Airflow has a BaseOperator as Base Class for all operators created in Airflow. For creating a custom operator, you have to extend the Operator class and implement its abstract methods. The execute method needs to be designed for the newly created Operator class.
For maintaining any results and data, any tool will have some sort of database storage. Airflow also uses DB. It uses SQLite by default, and there is a way to use MySQL and Postgres DB for more performance improvisation.
Generally, Big data ETL jobs include data migration jobs such as getting data from mysql or any relational database, perform some transformations on it and then moving the data to Hadoop tables such as Hive.
Airflow provides sqoop operators, spark operators, and hive operators, so Airflow can be used to invoke any of the Big data tasks and Airflow can also sequence and monitor the jobs.
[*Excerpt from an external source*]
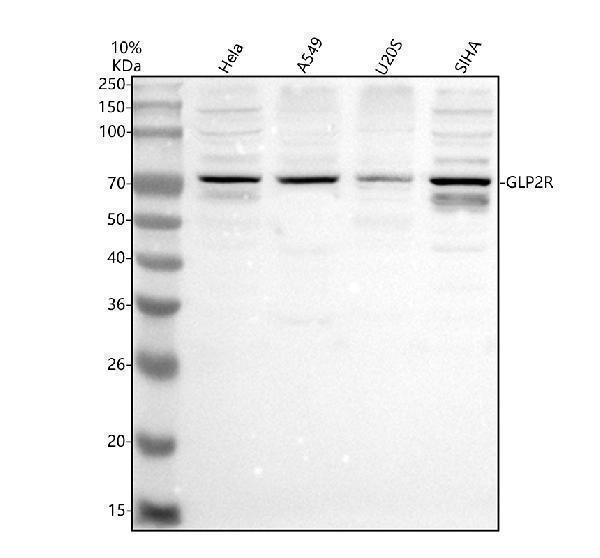 a10692 1 glp2r primary antibodies wb testing 1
In this way, Airflow is useful in Big data ETL jobs.
Airflow is a workflow management tool. A workflow consists of various tasks that can perform processing at various other tools such as MySQL, S3, Hive and Shell scripts. Airflow cannot provide a single platform to support all processing engines, instead it provides a way to integrate and connect these engines. Operator is a generic way to connect those processing engines and perform the tasks.
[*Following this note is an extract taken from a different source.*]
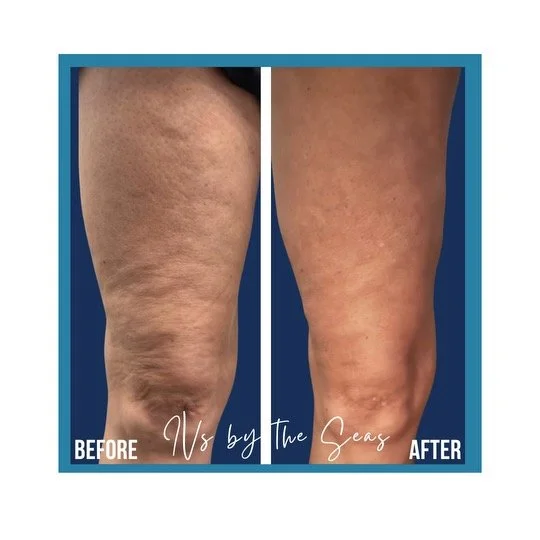 Cellulite Smoothing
To apply tasks dependencies in a DAG, all tasks must belong to the same DAG. Now, relations can be given using the up_stream() and down_stream() methods. Airflow also provides bit wise operators such as >> and << to apply the relations. Bit wise operators are easy to use and help to easily understand the task relations.
DAG, or Directed Acyclic Graph, is a data structure that helps maintain the task dependency at any given time. Airflow uses DAG for maintaining tasks relations to ensure that tasks are executed in an expected order.